In truth, we don’t know much about the new ones. The leaders of the first member nations and their citizens have invested so much in the new states and the truth is, suddenly they were there. We were abstractly for a unified Europe, but in reality, not really. That’s the first problem that needs to be solved.
The second is that many people in Europe feel that they have, both economically and socially, not gotten what they hoped for from the EU. The high unemployment in Europe, the low levels of economic growth, the low employment dynamic, all come together with a continued process of liberalization of parts of the Market that have been very protected until now.
There are also many people whose work situation is getting worse or more precarious, or they are losing their jobs all together. In the end, all of it can be traced back to the EU.
This means that for many people the EU does not give the impression of being a socially geared project. It seems more like an economic project in favor of large corporations and business interests.
My critique is, Schüssel didn’t try to do much. I have no illusions of it being easy, I know that it’s very hard. I myself have been president of one of the three European social partners for a year and as the employers’ representative for companies with public participation, and in public interest services. That is a pretty big segment in Europe. I also take part in the summit conferences, and it is difficult to get things to change there.

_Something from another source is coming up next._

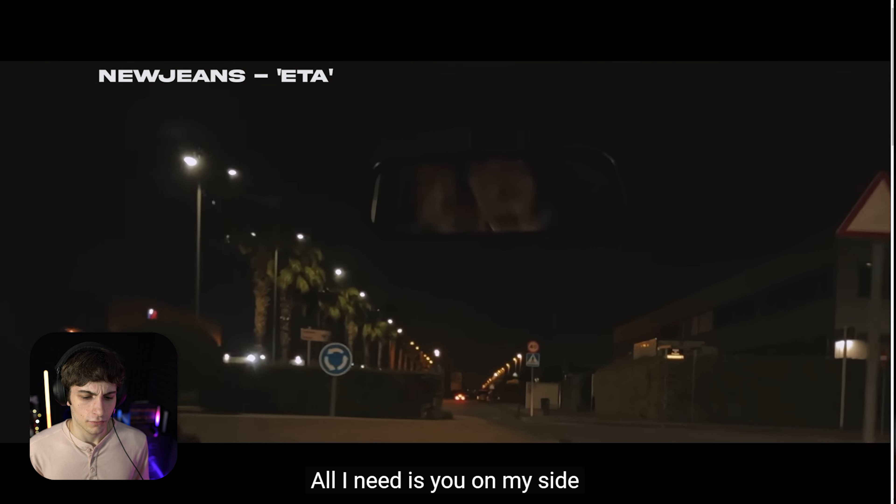These are such nice shots. NewJeans is just different — I don't know what to say about that. That was so well done. If you guys enjoyed, make sure to subscribe. Thanks for watching. If you want to see more NewJeans, leave some comments down below, let me know some other videos you want to see too. I'll see you in the next one.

But what we missed under Schüssel was the fight for these changes. During the Austrian EU presidency, the government was a good mediator. But the political expectations were too low. And that was their line of thinking, not ours.
VR: In a debate after Schüssel’s presidency, you stated that Austria was the most skeptical of all the EU member states.
Einem: In the polls, it still seems to be true, which is of course tragic, but that’s the way it is. We need to invest in the trust of the Austrian citizens. The Austrian people need to understand that it’s about their life, and they can get something out of it. Otherwise it’s so abstract.
You also have to go into the statistics more. The younger and better educated a person is, the better their attitude towards the EU, because they understand where the difficulties are.
And the older and less educated, the more skeptical they are, because they belong to those who can lose from the EU, and that’s where we have to react.
VR: What does the SPÖ see as a way of helping Austrians understand the EU?
Einem: Words don’t win them at the moment, but what is important is that the dialogue in the government is definitive to the way people see the EU. You have to be careful. If you debate against the EU in a casual way, you shouldn’t be surprised [that public opinion reflects that]. Just think of the Freedom party, or the BZÖ, in the past seven years blaming the EU for all kinds of things, without the ÖVP countering whatsoever.
Weak managers are now under a lot of pressure, because they can get substantially cheaper alternative locations. So we want to bridge the gap that was created because no one thought of this earlier, see which industries are under pressure from the new competition and what can we do for them. They need to get the feeling that they are being taken care of, that we are working with and for them.
And of course find decent work for the unemployed, where they can earn enough to live well. These are the points by which we hope to win back the trust of the Austrian citizens in the EU.
VR: In conclusion: When do you think that Austria will have a new government?
Einem: The way it looks now, in March. But both possibilities are real. Without new elections it will take a long time, and with them as well.